Task requirements:
Please transcribe only the lines between the one containing "Exacompta 10x Sorteermap" and the end of the records, both ends included, exactly as written; skip every picture.

(Data for analysis Opens)

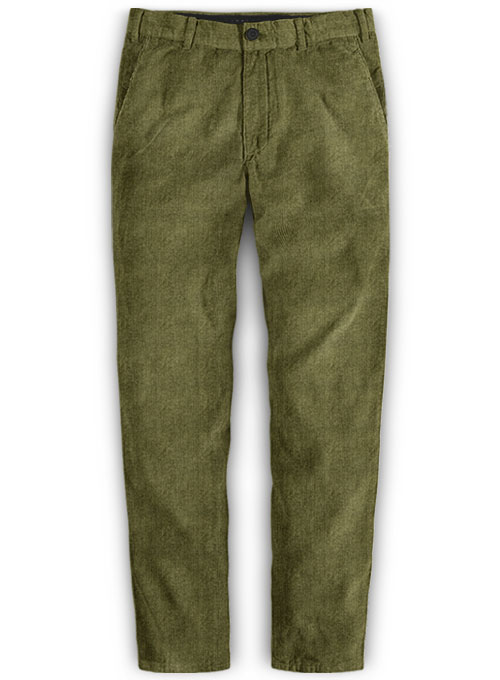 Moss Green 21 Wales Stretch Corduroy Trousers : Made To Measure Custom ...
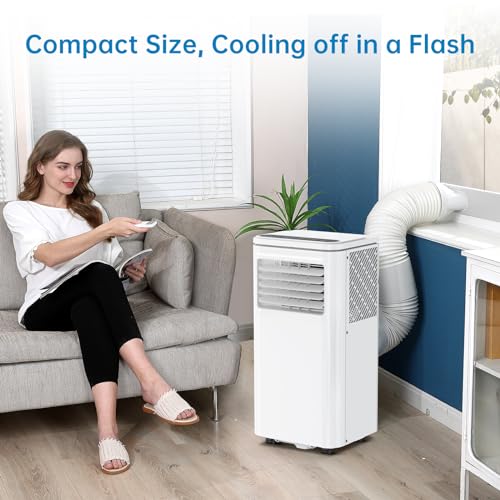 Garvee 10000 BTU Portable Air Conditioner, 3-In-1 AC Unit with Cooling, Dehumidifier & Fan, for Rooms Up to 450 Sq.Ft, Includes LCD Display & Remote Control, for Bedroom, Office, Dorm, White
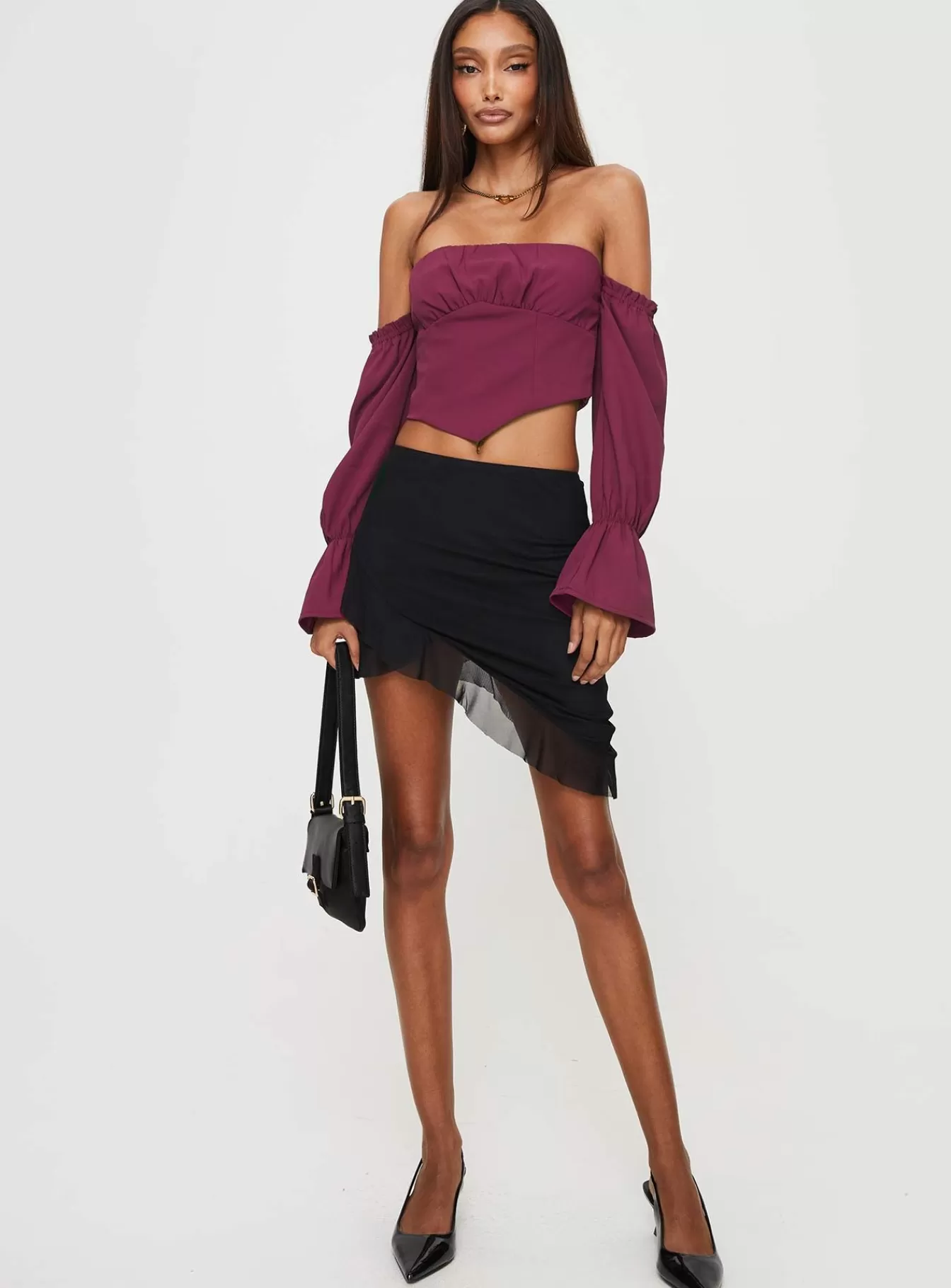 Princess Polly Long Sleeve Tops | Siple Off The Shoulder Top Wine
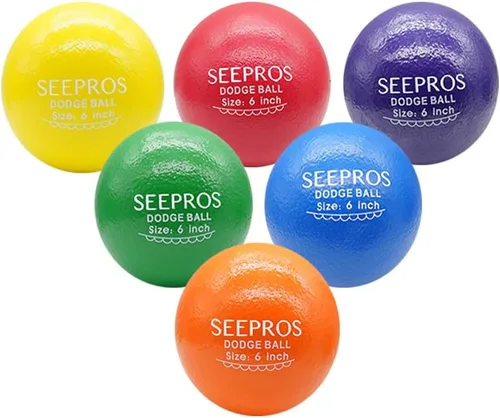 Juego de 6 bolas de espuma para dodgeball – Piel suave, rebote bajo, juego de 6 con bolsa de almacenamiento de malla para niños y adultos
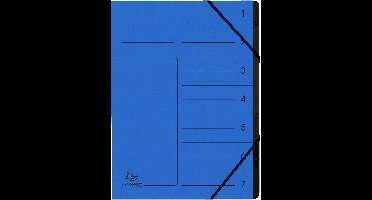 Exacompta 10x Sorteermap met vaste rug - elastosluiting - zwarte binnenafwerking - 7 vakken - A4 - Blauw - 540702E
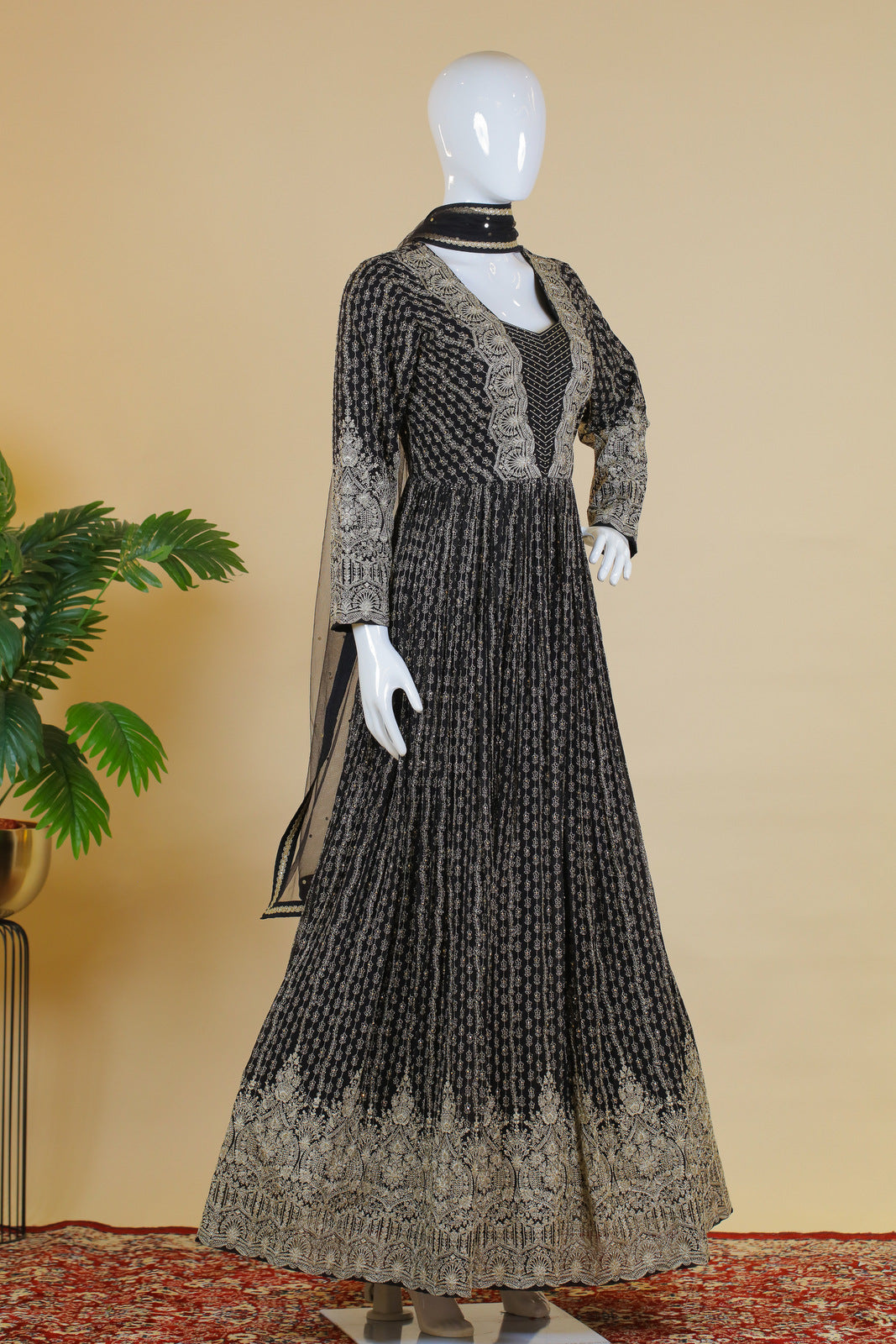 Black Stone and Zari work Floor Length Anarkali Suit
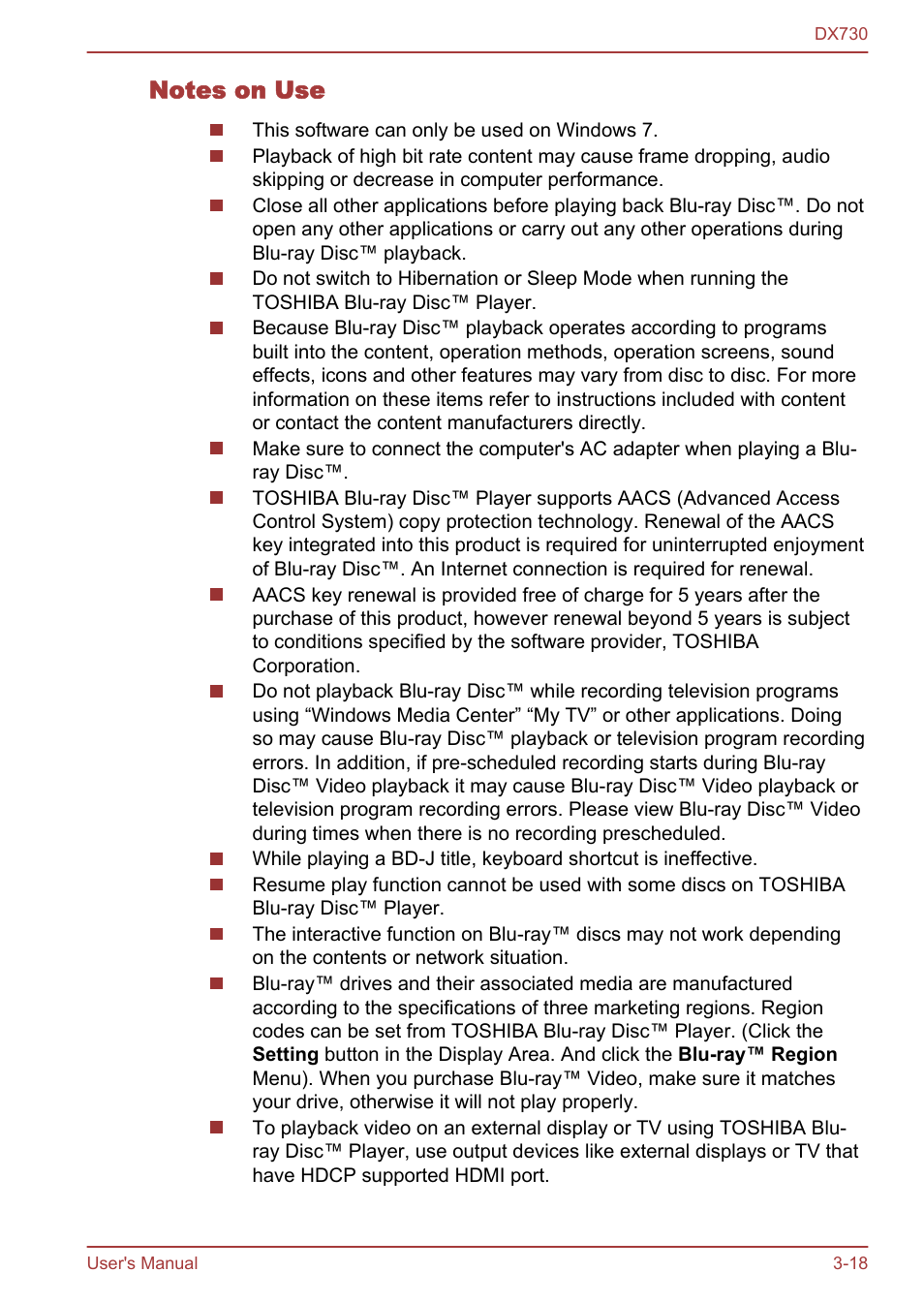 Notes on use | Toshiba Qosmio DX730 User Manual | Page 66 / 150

(Data for analysis Closes)

Solution to this problem:
 Exacompta 10x Sorteermap met vaste rug - elastosluiting - zwarte binnenafwerking - 7 vakken - A4 - Blauw - 540702E
 Black Stone and Zari work Floor Length Anarkali Suit
 Notes on use | Toshiba Qosmio DX730 User Manual | Page 66 / 150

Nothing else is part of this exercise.